Lessons From Greenwood

It’s been 72 hours since the partially successful massacre in the food court at the Greenwood Park Mall. I grieve for the victims of this stupid, senseless tragedy, but I also want to learn from it so that others can be served by what happened. Here are my takeaways:

  • “Gun Free Zone” signs don’t work. Like Florida, the “No Guns Allowed” signs do not carry weight of law unless it is a school, government building, courthouse, civic space or similar places. As Jeff Street told me recently, it’s like going barefoot into a restaurant. They can’t arrest you, but they can ask you to leave*.
  • If you can, avoid large groups of people in “gun free zones.” That’s what the bad guys target, so don’t be there when they show up.
  • We still don’t know the gunman’s motivation, and quite frankly, unless it can help me avoid the next (really bad words redacted) who decides to do this sort of thing, I don’t care. You don’t care WHY the bear wants to eat you, you just shoot the bear.
  • Details are still sketchy, but at the time of this writing, it appears that Elisjsha Dicken, the young man who stopped the shooter, did so from concealment, at distance of 30-40 yards, in a total of 15 seconds from the first “BANG.”
    Damn, son, that is fine shooting. He then closed the distance and yelled at people around him to get down and clear out. There are also reports that his girlfriend, a nursing student, help set tourniquets afterwards. Wow.
  • Once again, Ed Monk‘s math has been proven correct. Trying to achieve “zero active shooter deaths” through “gun free zone” signs is folly. There is a clock running in an active shooter event, and the sooner the shooter is stopped, the lower the damage he or she can cause.
    It’s just math, people, that’s all it is.
  • The skills needed to do this sort of thing aren’t going to pop into existence when you need them. Being able to make the shot on demand is the payoff for hours and hours of dry fire practice at home and live fire practice at the range.
  • Training for the long shot is not a bad idea, and yes, you can do it at distances of less than 40 yards. Accuracy is a cone: If you can hit a 5 inch circle at 20 yards, you can hit a 10 inch circle (more or less upper torso) at 40 yards.

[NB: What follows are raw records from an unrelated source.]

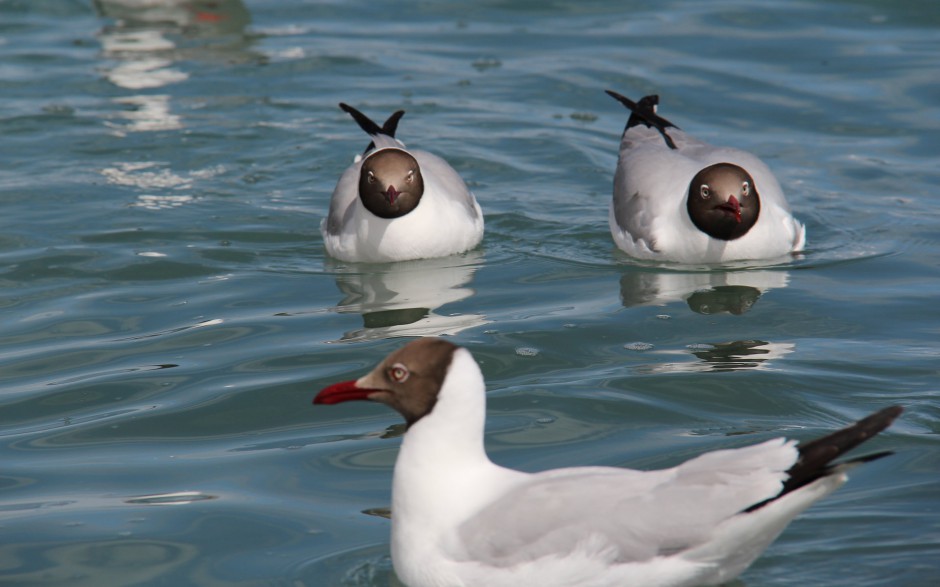点击大图看下一张：一群南飞迁徙的海鸥图片摄影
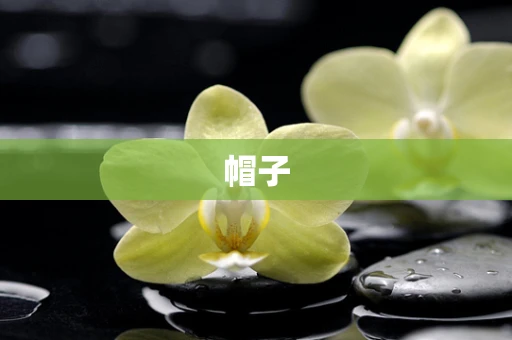 帽子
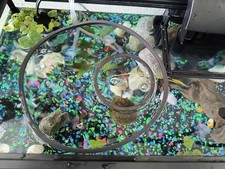 Floating Fish Feeding Rings Aquarium Plant 10 Pieces Corral Betta Tank Set USNew
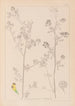 Herbier de la flore française Pl0251 - Louis Antoine Cusin — vy av konstverket
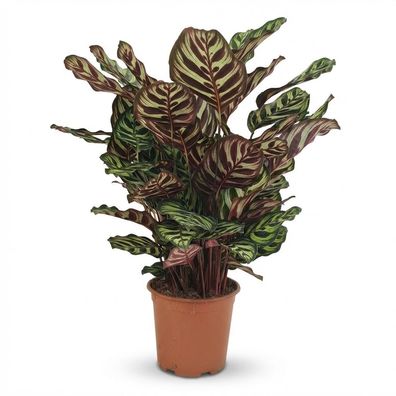 Pfauenpflanze - Calathea Makoyana - Grün - Pflegeleicht - Ø19cm - 60-70cm - Zimm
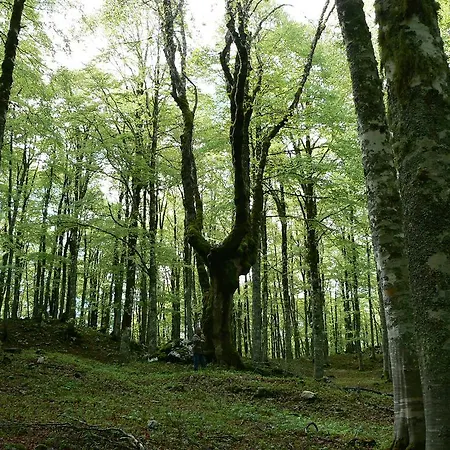 Maison d'hôtes Prato Rosso 3*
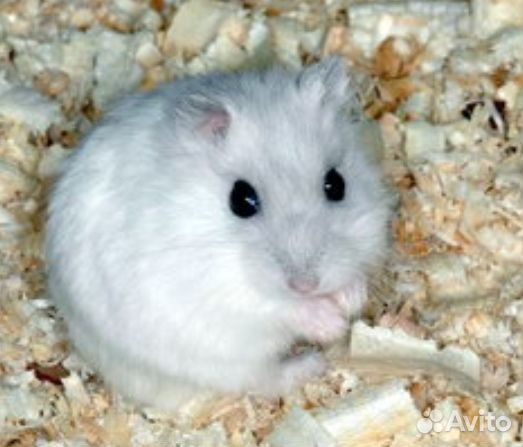 Хомяк с клеткой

My friend and mentor Michael Bane has an active shooter drill that I work into my practice routine on a regular basis. Start position is your hands at your sides, gun is loaded and concealed in a holster. Target is a head-sized steel plate 25 yards away. Using a shot timer, set your par time for three seconds. When the buzzer sounds, draw and engage the target with one round. Hit the target, and you pass.
That’s it.

This sort of stuff seems to happening quite a lot as of late. I’ll leave the whys and wherefores on this to other people, and simply acknowledge the fact that is happening, and that it might be me who as to respond to a madman, not someone else.

Reality sucks right now, but fleeing from reality will get you killed. Plan accordingly.

* I shouldn’t have to tell you that neither Jeff nor I are lawyers and that this is not legal advice, right? Right?